If $\lambda$ is an eigenvalue of an operator $A$, then $\left(\lambda-\left.A\right|_{{\mathcal N(\lambda-A)}^\perp}\right)^\ast$ is injective

Question

Let $H$ be a $\mathbb R$-Hilbert space, $A\in\mathfrak L(H)$, $\sigma(A)\subseteq\mathbb R$ denote the spectrum of $A$, $\lambda\in\sigma(A)$ be an eigenvalue of $A$ and $$A_\lambda:=\left.A\right|_{{\mathcal N(\lambda-A)}^\perp}.$$

Note that $\lambda-A_\lambda$ is injective. In the comments below this answer it is claimed that $(\lambda-A_\lambda)^\ast$ is injective as well.

EDIT: I doubt that the claim is true in general. However, if $A$ is normal, then $A_\lambda$ should be normal as well and we know that for any normal $B\in\mathcal L(H)$ we've got $\mathcal N(B^\ast)=\mathcal N(B)$. Do we need this assumption?

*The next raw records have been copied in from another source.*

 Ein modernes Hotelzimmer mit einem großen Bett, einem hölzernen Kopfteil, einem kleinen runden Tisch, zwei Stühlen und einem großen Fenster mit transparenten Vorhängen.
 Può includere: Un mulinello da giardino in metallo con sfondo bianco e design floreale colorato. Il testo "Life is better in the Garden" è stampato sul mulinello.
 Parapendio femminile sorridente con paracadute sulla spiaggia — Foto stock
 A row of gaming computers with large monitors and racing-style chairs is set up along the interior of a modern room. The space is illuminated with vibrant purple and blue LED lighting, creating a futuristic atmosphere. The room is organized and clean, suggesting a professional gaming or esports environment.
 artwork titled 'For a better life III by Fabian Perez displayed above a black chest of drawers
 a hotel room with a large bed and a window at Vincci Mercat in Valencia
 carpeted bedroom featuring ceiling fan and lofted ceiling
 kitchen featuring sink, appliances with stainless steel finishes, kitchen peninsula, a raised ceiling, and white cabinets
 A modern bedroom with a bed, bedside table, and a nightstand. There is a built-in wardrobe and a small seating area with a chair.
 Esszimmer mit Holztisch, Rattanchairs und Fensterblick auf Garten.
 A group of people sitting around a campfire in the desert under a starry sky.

Remark: The desired goal is to show $\mathcal{R}(\lambda - A_\lambda)^\perp=\{0\}$.

Answer 1

This is false in general. For instance, let $B:H_0\to H_0$ be any operator that is injective but whose image is not dense (say, $B$ could be an isometry to a proper subspace of $H_0$). Let $H=H_0\oplus\mathbb{R}$ and let $A:H\to H$ be $B$ on the first coordinate and $0$ on the second. Then $\lambda=0$ is an eigenvalue of $A$, and $A_0$ is just $B$. But $B^*$ is not injective since the image of $B$ is not dense.